Mastodawn

gregorum Apr 1, 2024

Thank you open source for the transparency.

∟⊔⊤∦∣≶Apr 2, 2024

I have heard multiple times from different sources that building from git source instead of using tarballs invalidates this exploit, but I do not understand how. Is anyone able to explain that?

If malicious code is in the source, and therefore in the tarball, what’s the difference?

Because m4/build-to-host.m4, the entry point, is not in the git repo, but was included by the malicious maintainer into the tarballs.

∟⊔⊤∦∣≶Apr 2, 2024

Tarballs are not built from source?

The tarballs are the official distributions of the source code. The maintainer made the source code ignore the malicious entry point while retaining it inside these distributions.

All of this would be avoided if Debian downloaded from GitHub's distributions of the source code.

Corngood Apr 2, 2024

All of this would be avoided if Debian downloaded from GitHub’s distributions of the source code, albeit unsigned.

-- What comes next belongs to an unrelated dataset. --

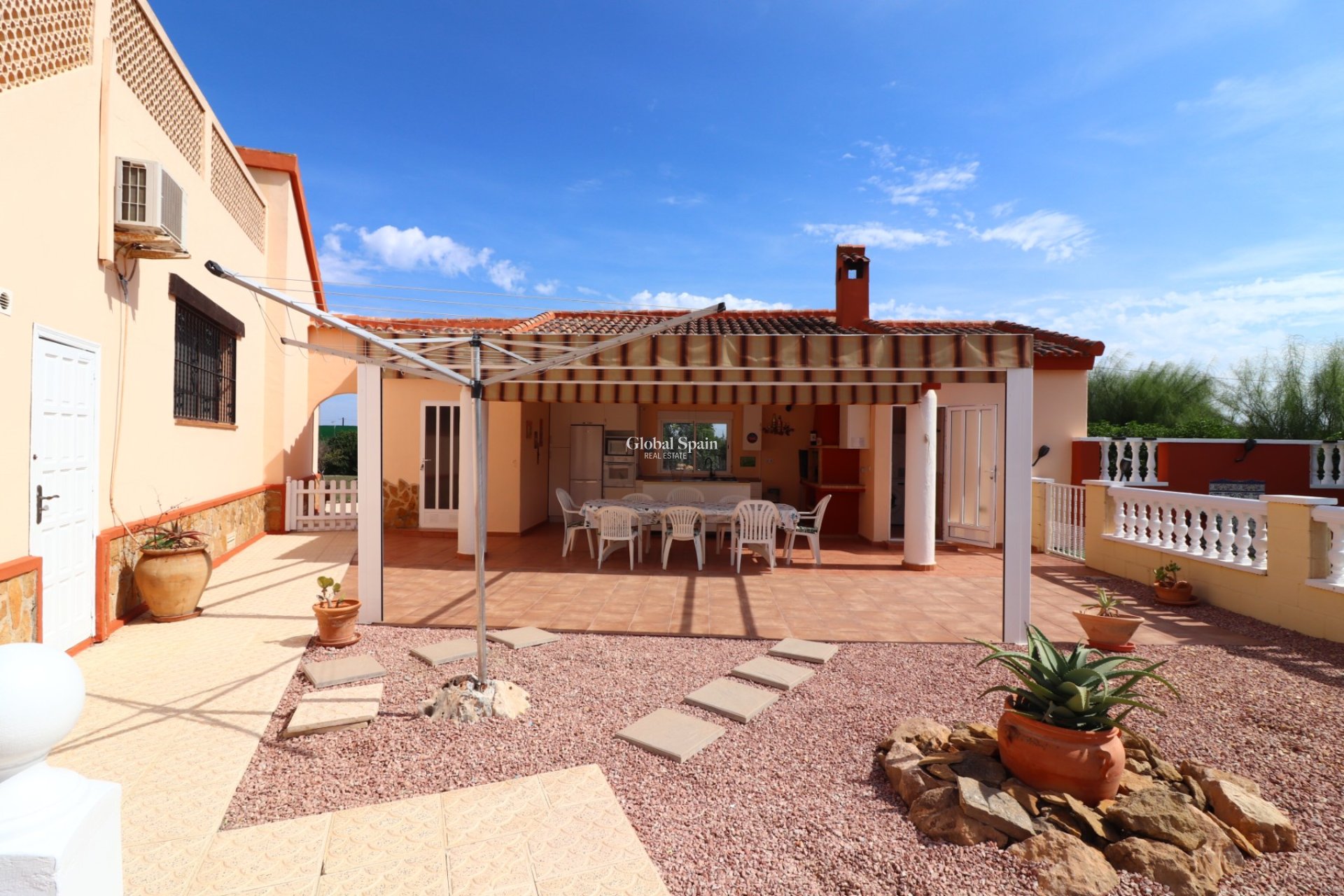 Resale - HOUSE -
DAYA VIEJA - Daya Vieja - Country
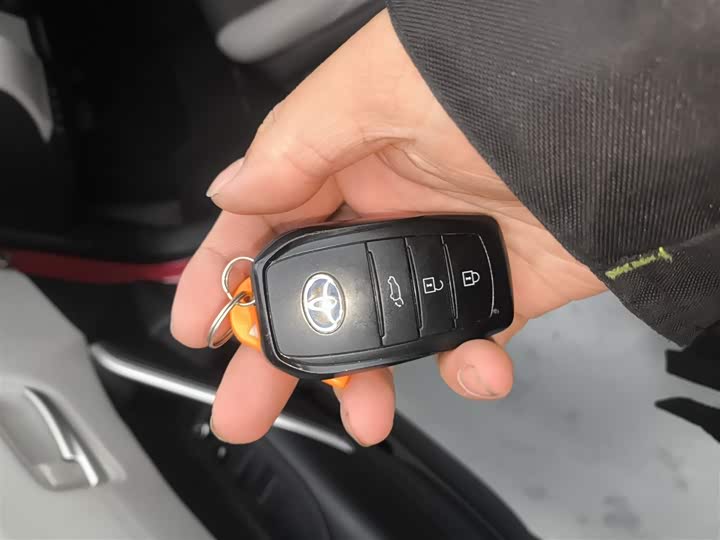 Фото 9 - Toyota Frontlander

In that case they would have just put it in the repo, and I’m not convinced anyone would have caught it. They may have obfuscated it slightly more.

It’s totally reasonable to trust a tarball signed by the maintainer, but there probably needs to be more scrutiny when a package changes hands like this one did.

barsoap Apr 2, 2024

Downloading from github is how NixOS avoided getting hit. On unstable, that is, on stable a tarball gets downloaded (EDIT: fixed links).

Another reason it didn’t get hit is that the exploit is debian/redhat-specific, checking for files and env variables that just aren’t present when nix builds it. That doesn’t mean that nix couldn’t be targeted, though. Also it’s a bit iffy that replacing the package on unstable took in the order of 10 days which is 99.99% build time because it’s a full rebuild. Much better on stable but it’s not like unstable doesn’t get regular use by people, especially as you can mix+match when running NixOS.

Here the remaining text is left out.